Kürtler, kimi zaman uluslararası çıkar dengelerine kurban edilirken, kimi zaman da bölgesel aktörlerin, rakiplerini dengeleyici bir unsur olarak en fazla kendi amaçları doğrultusunda kullanmak istedikleri bir halk olarak görülmüşlerdir.

Ancak en dramatik olanı da, Kürtlerin kendi içinden çıkan ve Sovyet devriminin sahte özgürlükçü söylemlerine kendilerini kaptırıp sosyalist rejim kurma sevdasına düşenlerin, Kürtlerin ezilmişlik ve dışlanmışlık duygularını kullanarak onları, kurmayı hayal ettikleri müstakbel sosyalist devrimler için üzerinden geçilecek hazır basamaklar olarak görmeleridir.

Ancak tüm bu ayak oyunları sonucunda daha da ezilip her alanda kan kaybedenler hep Kürtler olmaya devam etmiştir.
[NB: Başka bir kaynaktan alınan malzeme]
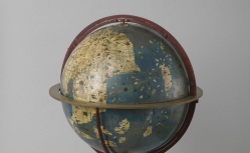 Accéder à la page "Globe terrestre, M. Behaim, 1492 (fac-simile)"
Kanaatimce bu durumun en önemli iki sebebi vardı:

Birincisi; Kürt karşıtı güçlerin, zaman zaman ulusal çıkarları için Kürtlerle, daha doğrusu kendilerini Kürtlerin yegane temsilcileri olarak lanse eden yapılanmalarla oluşturdukları sahici olmayan ittifaklardır. Ancak bu tür ittifaklar, dostane ittifaklar olmayıp, sadece taktik manevralardan ibaretti. Oysa taktik manevraları dostane stratejik doktrinlermiş gibi algılayıp kendilerini “yok sayanına” teslim eden bu yapılanmaların içine düştüğü yanılgı ve bunun sonucunda gelen hezimetler zinciri…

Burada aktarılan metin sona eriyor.